Leur guerre contient un plan spécifique pour nous habituer au macabre de toutes les façons possibles même celle du divertissement. Ce ne sont pas des divertissements asexués ou immaculés, celui qui les consomme est soumis à une schizophrénie agréable qui nous blesse avec une ironie intentionnelle et impossible à percevoir. Ils nous veulent anesthésiés, parlant, agissant comme ils veulent même sans que nous nous en rendions compte en imitant leurs références mercantiles des « mass media » sous prétexte que « c’est amusant », que « comme ça, les gens comprennent », que « c’est vendeur ». Ils nous apprennent à répéter un piège logique dans lequel nous courons toutes sortes de risques en commençant par celui de rendre légitime la façon dominante de produire des formes d’expression. Cela ne veut pas dire qu’on ne peut pas faire dérailler le train des médias (consciemment et de façon critique) pour les mettre au service d’une transformation culturelle et d’une transformation de la communication mais il est indispensable de définir ce qui est réellement utile. Il faut étudier chaque cas minutieusement et c’est une chose que très peu de gens font.
Nous transférons à l’appareil patronal de guerre, bancaire et médiatique sans frein et sans contrôle des sommes d’argent incalculables. Nous avons fait des lois que nous ne respectons pas, nous acquérons une technologie sans souveraineté, nous ne renforçons pas nos écoles de cadres, nous ne créons pas de courant internationaliste pour une communication émancipatrice organisée et soutenue par ce qui est indispensable, nous ne créons pas les moteurs sémiotiques pour l’émancipation et l’accès des conscience au mouvement de la transformation, nous ne créons pas de bastion éthique et moral pour le contrôle politique du discours médiatique et le développement de la pensée critique ou, du moins, ce que nous faisons est réellement insuffisant.

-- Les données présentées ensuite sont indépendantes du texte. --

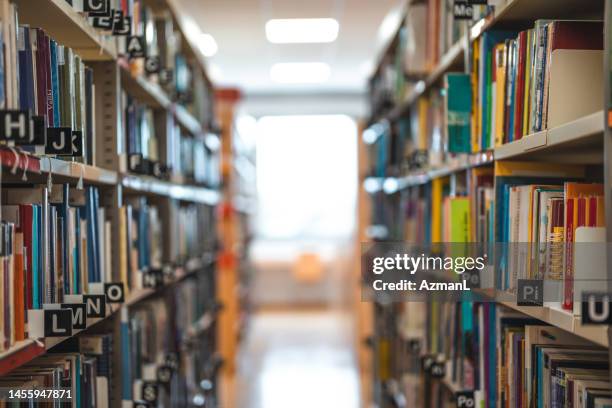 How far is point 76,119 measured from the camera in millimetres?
1807

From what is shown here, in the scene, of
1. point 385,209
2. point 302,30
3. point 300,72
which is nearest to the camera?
point 385,209

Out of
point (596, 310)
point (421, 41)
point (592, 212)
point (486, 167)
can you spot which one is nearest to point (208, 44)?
point (421, 41)

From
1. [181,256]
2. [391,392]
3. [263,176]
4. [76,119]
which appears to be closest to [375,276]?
[76,119]

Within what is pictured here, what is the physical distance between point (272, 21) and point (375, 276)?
488 centimetres

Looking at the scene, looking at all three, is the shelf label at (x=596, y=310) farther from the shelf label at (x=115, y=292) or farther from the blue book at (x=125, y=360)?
the blue book at (x=125, y=360)

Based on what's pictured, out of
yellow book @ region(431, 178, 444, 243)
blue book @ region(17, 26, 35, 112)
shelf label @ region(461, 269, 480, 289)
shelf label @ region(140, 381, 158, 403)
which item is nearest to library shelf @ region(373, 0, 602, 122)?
yellow book @ region(431, 178, 444, 243)

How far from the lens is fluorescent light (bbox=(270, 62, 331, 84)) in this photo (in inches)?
320

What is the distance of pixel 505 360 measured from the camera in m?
1.94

Et ce n’est pas par manque de talents ou d’experts, ce n’est pas par manque d’argent ni par manque de nécessité. La crise de la direction politique transformatrice fait à nouveau des ravages. Nous parlons beaucoup et nous faisons peu. Même le « rapports McBride » (1980), nous n’avons pas su l’écouter et l’utiliser comme on aurait dû.
Le comble, c’est que la classe dominante développe en permanence des moyens et des façons de nous anesthésier, de nous désorganiser et de nous humilier sans clémence. Elle invente des mensonges fourbes qui passent impunément et ne suscitent pas de réponse, de long en large sur la planète, toujours avec un don d’ubiquité et une rapidité que nous, nous ne pourrons jamais mesurer ni qualifier en temps réel. Et l’immense majorité des voix, nous les voyons depuis nos maisons (chambres à coucher incluses) sous forme « d’informations », « de divertissement » ou « de reality show. » Nous consommons leurs produits, nous augmentons leur « cote » et nous ruminons notre impuissance, nous faisons une catharsis, indignés et pris dans les filets de phrases toutes faites inutiles et sans importance pour la plupart. Il est urgent de faire dérailler le train sémantique et de nous mettre à construire (c’est-à-dire à avancer) le sens émancipateur dont avons besoin de façon urgente. Cela fait partie de la guerre.